Rep. Lewis Helps Lead New Push to Reduce TSA Delays and Improve Efficiency and Increase Workforce
[WASHINGTON, DC] – Rep. John Lewis (GA-05), along with House Oversight Subcommittee on Transportation Ranking Member Tammy Duckworth (IL-08) and Reps. Ruben Gallego (AZ-07) and Patrick Murphy (FL-18), led 70 House Democrats in a push to permanently reduce excessively-long Transportation Security Administration (TSA) screening lines passengers have been forced to endure at airports around the country.
In a letter sent to senior Homeland Security Appropriators yesterday, the Members called for lifting an arbitrary and illogical statutory cap on the number of screeners TSA may employ that can cause needless delays for the flying public. The Members also urged several other substantive reforms and for increased resources to help TSA and the Department of Homeland Security (DHS) reduce passenger delays while maintaining a secure and efficient screening process.
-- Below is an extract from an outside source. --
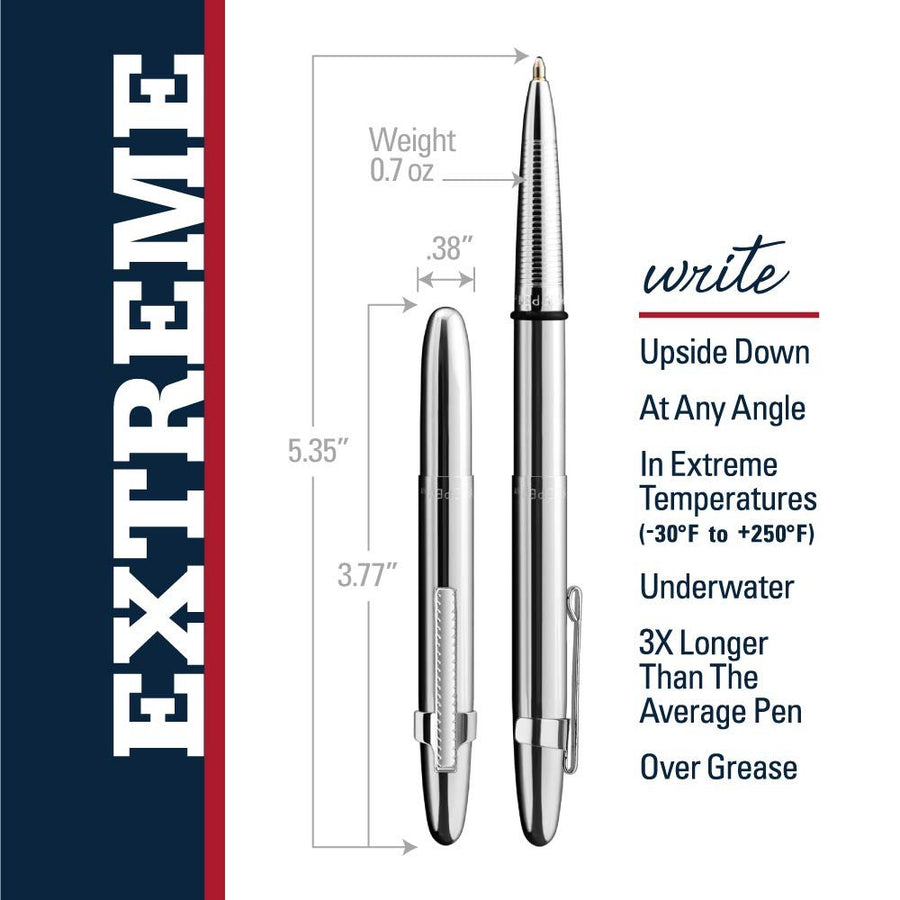 Fisher Space Pen Chrome Bullet Space Pen with Clip - electronicsexpo.com - Pens
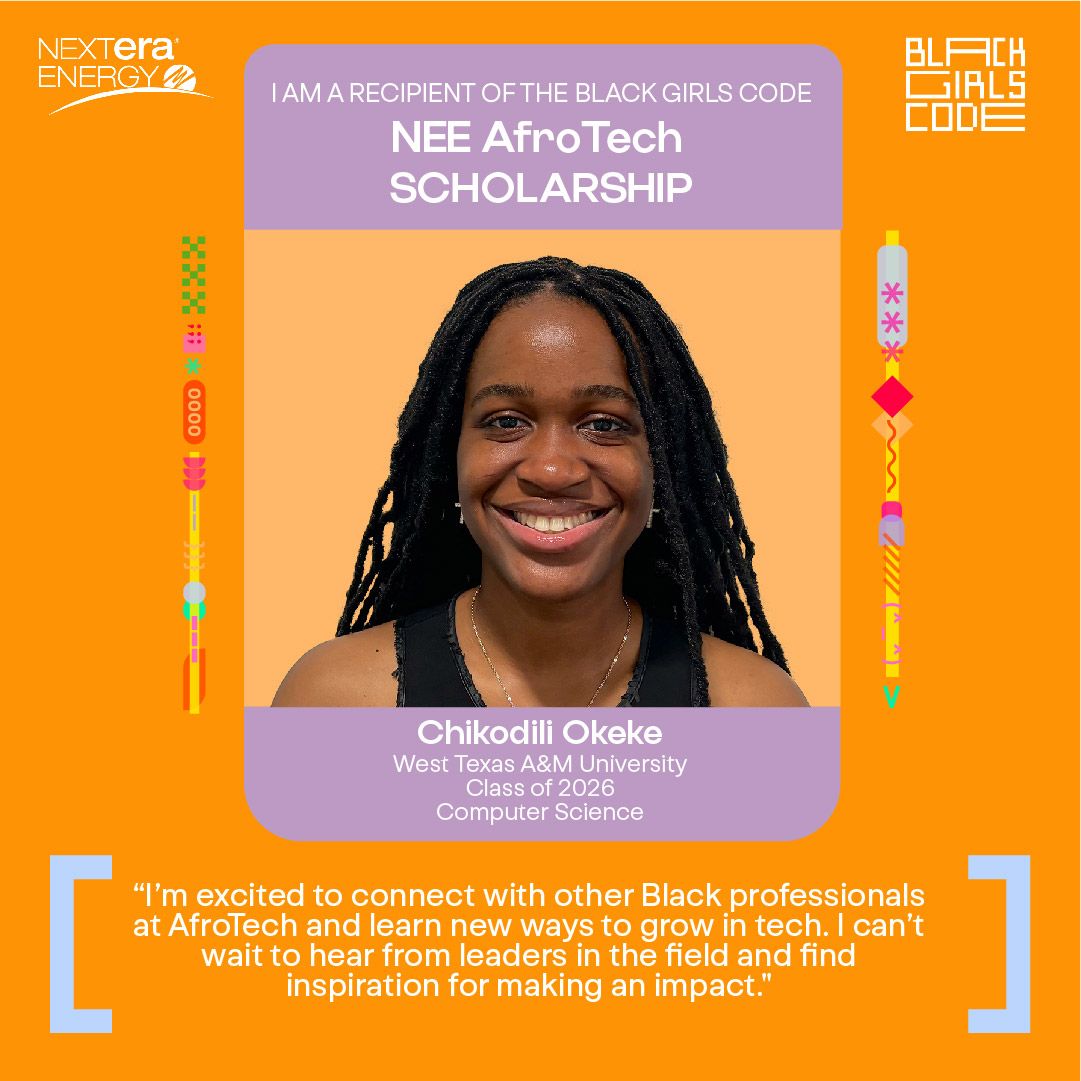 Chikodili Okeke, NEE AfroTech Scholarship, Black Girls Code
Rep. Lewis also led Members of Georgia’s Congressional Delegation in a letter to TSA last month asking that at least 100 more Transportation Security Officers (TSOs) be sent to Hartsfield-Jackson Atlanta International Airport (ATL).
“I am proud to join my colleagues in this important effort,” said Rep. Lewis. “In Georgia, we are very proud to have both the world’s busiest airport in Atlanta and the TSA Academy in Glynn County. The long lines we have seen recently have been frustrating for everyone who flies through Hartsfield-Jackson. I am grateful for the way TSA has worked with the Airport and airlines to find new ways to strike the balance between efficiency and safety. We must do all we can to ensure that TSA has the resources it needs to train and retain officers and to carry out its mission to protect the flying public.”
In light of recent high-profile instances of passengers waiting for hours in slow-moving screening lines, often missing flights, the Department of Homeland Security (DHS) and TSA made several immediate—but temporary—improvements to address delays. In addition to urging the lifting of the needless screener cap, the letter also calls for the House Appropriators to include additional resources and authorities to help DHS and TSA to permanently address screening delays at security checkpoints.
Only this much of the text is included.